Tuesday, May 25, 2010

The Search-Notes

What is Search?
Link by link ,click by click ,search is building possibly the most lasting, ponderous ,and significant cultural artifact in the history of humankind: the Data base of Intentions.
The Data base of Intentions is simply this: the aggregate results of every search ever entered ,every result list ever tendered , and every path taken as result. What we call simply as Search.

Who ,What ,Where ,Why, When, and How:
John Battelle words: As a cub reporter ,I was taught to answer five questions about any topic before writing about it: who ,what ,where ,why and when. If you crammed answers to all those questions into your lead paragraph ,then you'd essentially done your job. Author also said he quickly learned to add a sixth how?. I hope these words holds good for every one.

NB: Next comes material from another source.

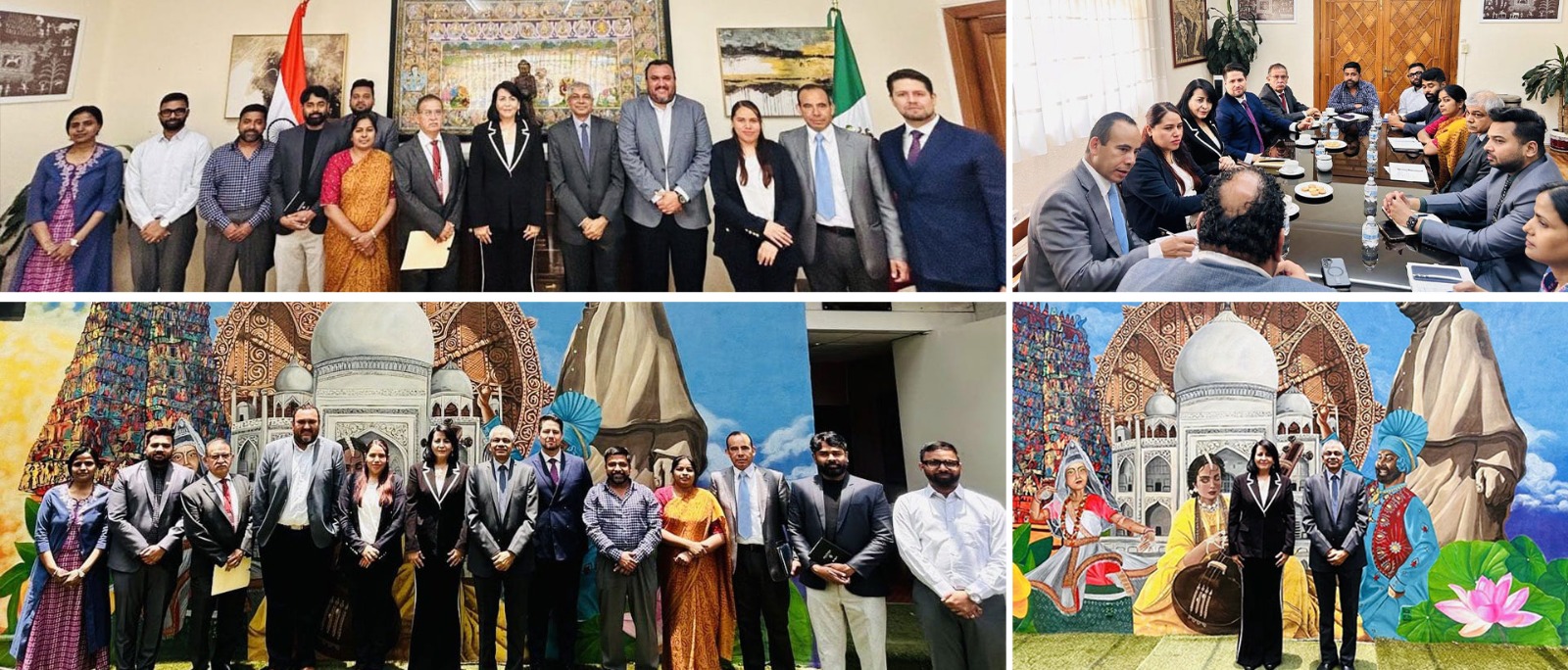 Discussion with Dr. Araceli Romo Cabrera, Director of FES Arag??n UNAM on Deepening India-Mexico Academic Ties 02.06.2025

A Search engine Consists :A search engine consist of three major pieces
The Crawl
The Index
The run time system or query processor
The crawler is a specialized software program that hopes from link to link on the World Wide Web , scarfing up the pages it finds and sending them back to be indexed.

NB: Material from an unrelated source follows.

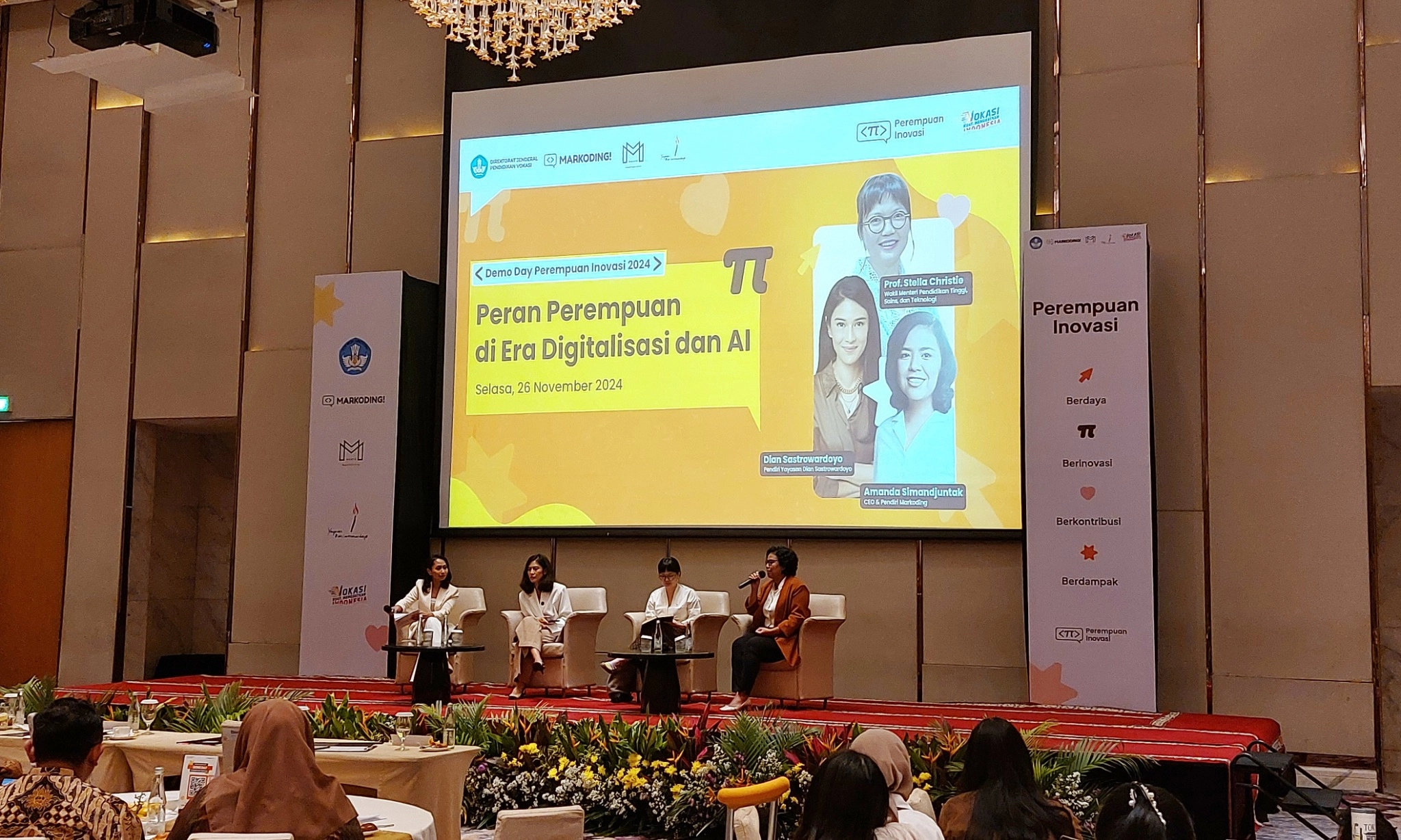 <p>Perempuan Inovasi 2024 Tekankan Pentingnya Perempuan Dalam Pengembangan AI</p>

The more sites they crawl , and the more frequently they crawl them ,the more complete the index is. When the index is more complete ,the search results pages (SERPs) that are returned for particular query have a greater chance of being relevant. The process of grokking the index is referred to as analysis. Google's PageRank algorithm is an example of analysis: It looks the links on a page, the anchor text around those links , and the popularity of the pages that link to another page and factors them together to determine the ultimate relevance of a particular page to your query. Google in fact ,looks at more than one hundred factors to determine a sites relevance to your keywords.

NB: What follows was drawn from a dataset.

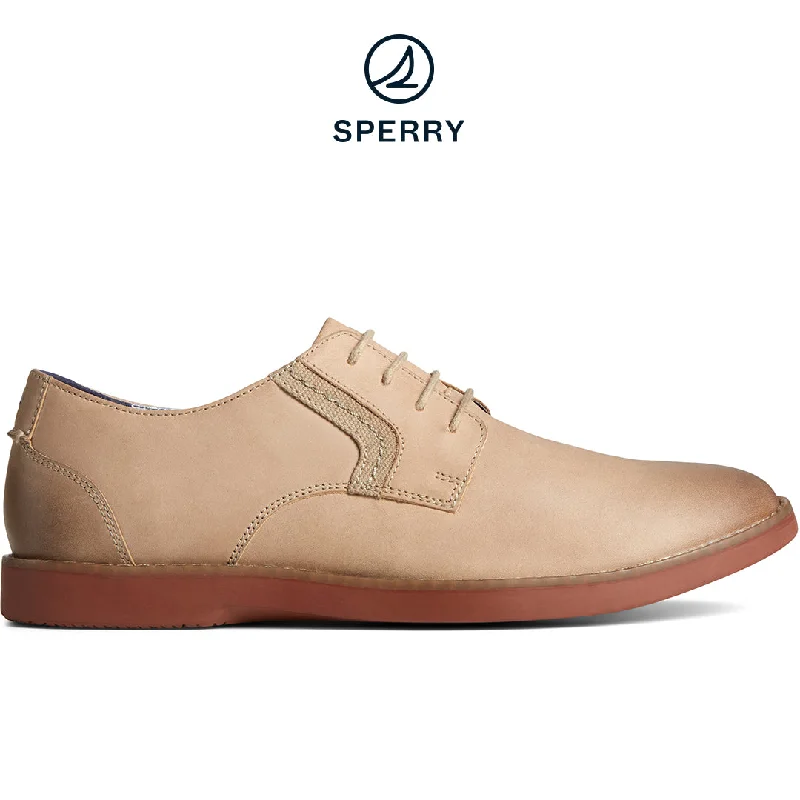 Men's loafers with a removable insole for cleaningMen's Newman Oxford Leather Casual Taupe/Brick (STS25470) Men's loafers with a removable insole for cleaningMen's Newman Oxford Leather Casual Taupe/Brick (STS25470)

The query processor which is the interface and related software that connects user's queries to the index.
Once the crawl data is analyzed ,indexed , and tagged ,it's dumped into what's called a runtime index - a data base ready to serve results to users. The runtime index form something of a bridge between the back end of an engine (the crawl and index) and the front end(it's query server and user interface).

Atomic phrases:Phrases that have their own sets of results at the smallest levels ,search engines are capable of tell the difference by parsing a list of atomic phrases.
As per John (2007) Google alone has more than 175,000 computers dedicated to the job.

The power of search lies :
We do ask lot of the same questions , but we ask far more that are unique , and therein lies the power of search.

Google Whacking:
In the early days of Google , a popular sport among the search watchers was to find a query that had exactly one result. This game even has a name - Google Whacking.

Where & Why -Search:
Navigational Query: The practice of typing in a word you know so as to yield a site you wish to visit called as navigational query.
Why Search: We are searching for more than one answers. Not only are we searching for that which we know. We increasingly searching to find that which we do not know.
Web blindness: A sense that was know there's stuff we might want to find, but have no idea how to find it.